BUY FROM AMAZON: CLICK HERE!
STUDIO: Lifetime Home Video
MSRP: $12.16 (sort of)
RUNNING TIME: 180 minutes
SPECIAL FEATURES: Nope
Tough but sensitive cop sacrifices his personal and professional lives to bring a brutal killer to justice.
Directed by Norma Bailey. Starring Tom Cavanagh, Amy Davidson, James Russo, Currie Graham, Sharon Lawrence, and that guy from Buffy and Smallville.
As seen through the eyes of a fictitious victim, we watch dedicated Seattle homicide detective Dave Reichert spend twenty years of his life tracking down serial prostitute killer Gary Leon Ridgway. Along the way, he contends with a nagging wife, an unsympathetic news media, a frightened public, and the typical asshole boss every dedicated TV cop gets saddled with. (Interesting side note: I’m currently preparing to review the first season of the short-lived legal drama Raising the Bar, in which the actor pictured below plays… you guessed it… another asshole boss. Coincidence, I swear).
It’s been a while since I’ve watched one of these Lifetime Original Movies. To be honest, I wasn’t even sure they were still making them. A recent visit to my grandma’s house (coupled with a cursory glance at Wikipedia) reveals that I was wrong, however. Apparently the genre is still alive and kicking.
For those unfamiliar with the genus, these films tend to fall into one of two or three different categories: “women in danger” stories (usually involving a tough but feminine lady contending with a stalker, psycho ex-husband, buy-one-get-one-free sale, handsy co-worker who won’t take a hint, or some other female-specific threat), low-budget adaptations of cutrate suspense novels (think Dean Koontz or Mary Higgins Clark… Stephen King and James Patterson are too cool to hang out in this low-rent neighborhood), and Based on a True Story/’Ripped from the Headlines!’ type fare like this one. In fact, dramatizations of high-profile serial killer cases used to be a virtual subgenre unto themselves, with the likes of Ted Bundy, the Hillside Stranglers, and BTK getting the treatment over the years. So Capture is in good (or at least abundant) company.
Movies like this are kind of odd… for many reasons really, but mostly because while they’re presented as whodunits, anyone with even a passing interest in the subject matter is more than likely going to know who the killer is going in, thus rendering the obligatory false leads and other red herrings pointless.

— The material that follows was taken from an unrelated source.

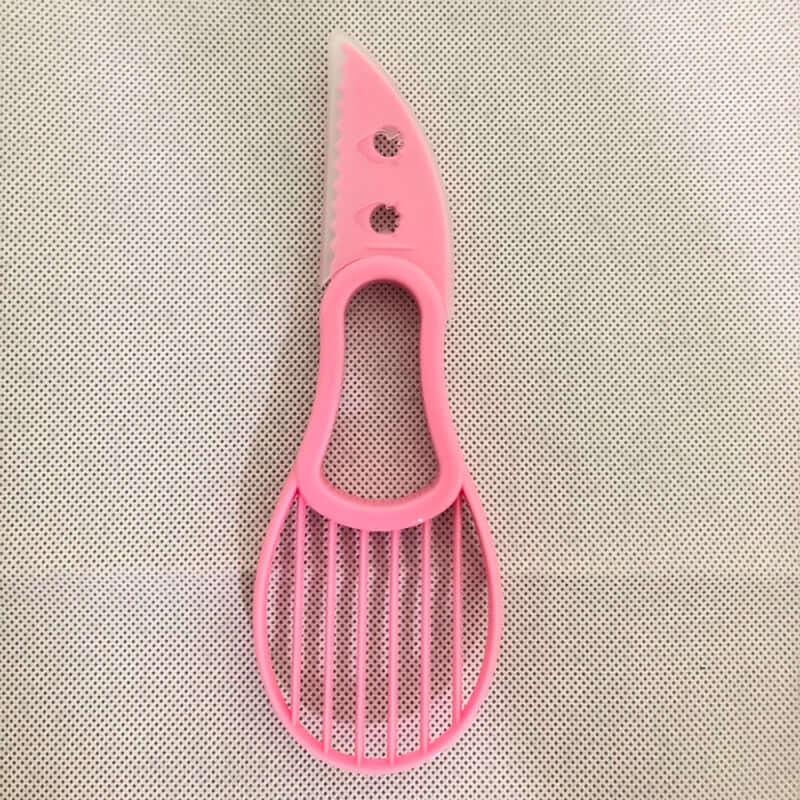Pink plastic multifunctional kitchen tool with knife blade and slotted slicer design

This film, in particular, spends a puzzling amount of time on a suspect who fails a polygraph, hates prostitutes, spouts pseudo-religious mumbo-jumbo, and even fits the FBI profile (provided by a smarmy Criminal Minds reject who, apart from being a walking cliche, also has the balls to get caught using a cell phone at one point, which is odd considering the bulk of the film takes place in the early ’80s).
Tom Cavanaugh (of Ed fame) turns in a serviceable performance as Reichert, the quintessential male hero… or, at least, the quintessential male hero as conceived by a network whose primary audience apparently consists of elderly folks and housewives who’ve finally gotten bored with the soaps. Dave is caring and attentive to his wife (but not needy), dedicated to the point of near-obsession (but not creepy), tough enough to stand up against guys like Gary (but not so tough as to be above having a good cry now and then).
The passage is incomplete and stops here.